While Samsung continues to reap the rewards of being the world's largest Android partner, it also has its eyes set on the future of the connected home. "Samsung is very focused on the internet of things," said David Eun, the president of Samsung Next, the company's investment arm. At the Wall Street Journal's D.Live conference today, he said that there'll come a time when your home will be covered in connected devices.
"We think this could be the third wave where you have programmable objects blanketing your home," he said. Eun said that the company has already been investing in certain companies to help accelerate this effort, such as the purchase of home automation platform SmartThings in 2014. Now, it's the defacto platform for all of Samsung's connected devices, such as the Connect Home router and a cellular smart tag.
Yet, the internet of things hasn't leapt off to a great start. For many, it's still confusing to use, with far too many apps and a laborious set-up process. There's also the recent problem of security, with IoT devices frequently used as a target for botnets.
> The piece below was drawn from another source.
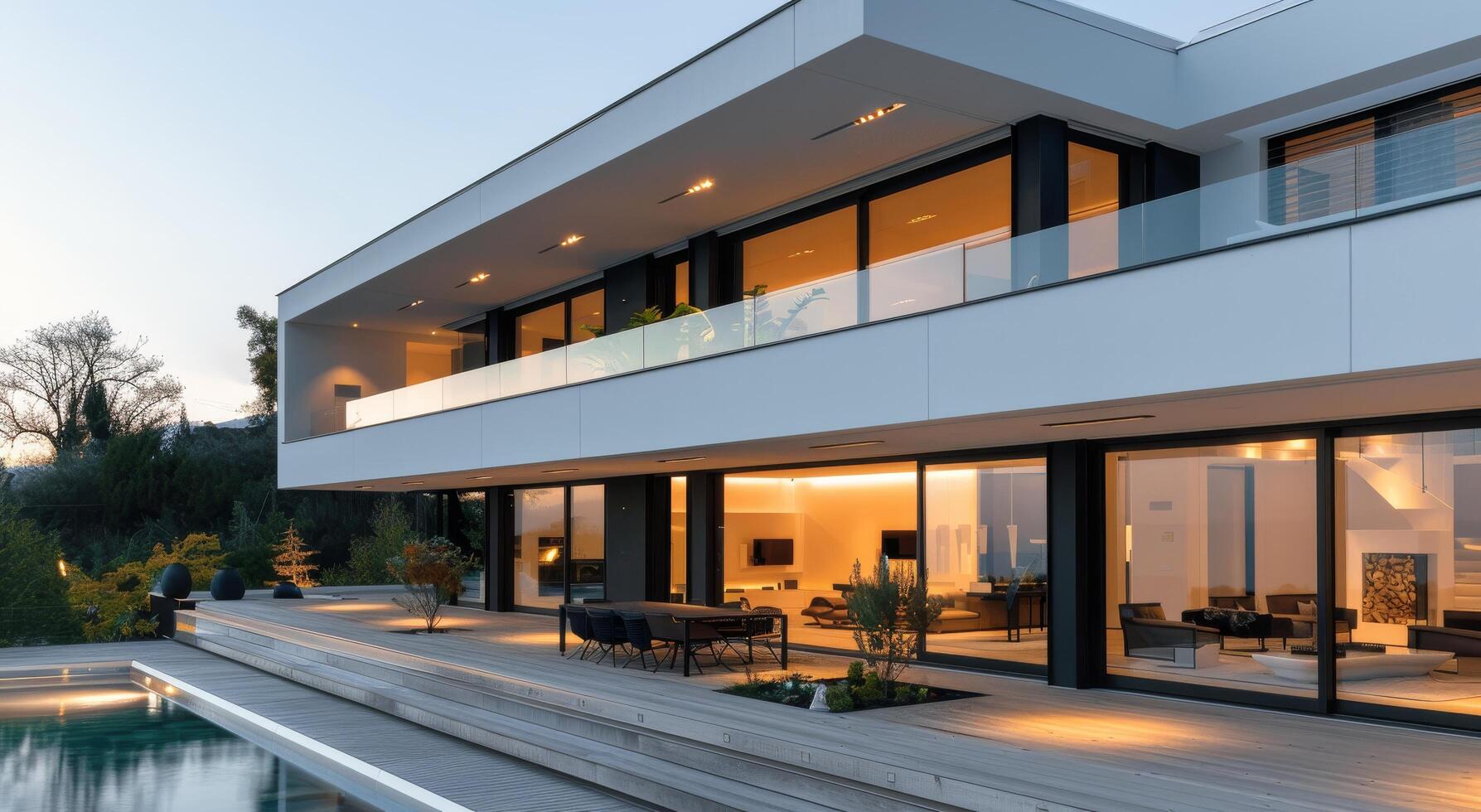 Modern Architectural Home With Pool at Dusk in Tranquil Setting photo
Eun remains optimistic, however. "The internet of things is an interesting area of growth for us," he said. Connected homes can also prevent theft, he said, by alerting the owner of any disturbances. And while rivals like Amazon and Google are relying on embedding existing devices with their own smart assistants (Alexa and Google Assistant respectively), Samsung has the advantage of making its own hardware too. Imagine a Bixby-powered Samsung fridge, for example, or a Bixby-powered Samsung washing machine.
All of this means heavy investment not just in hardware, but also in software and services, which is what Eun has been focusing on for the past few years. "We have to get the software equation right," he said, adding that it's essential to have a thoughtful integration of both hardware and software.
Part of the idea behind Samsung NEXT is to act as a startup within a very large company, and its job in recent years has been to identify "transformative software and services" and to discover them through investment and VC funds.
"We invested in virtual reality two to three years before coming out with a headset," said Eun. "It turns out investments can be incredibly strategic when you're thinking about innovation."
As for the past year, Eun admits that it's been a rough time at the company as it dealt with the fall out from the Galaxy Note 7 scandal. Still, the recent reception of Galaxy Note 8 was welcome. "It's been a record year," he said. "It's the most gratifying thing."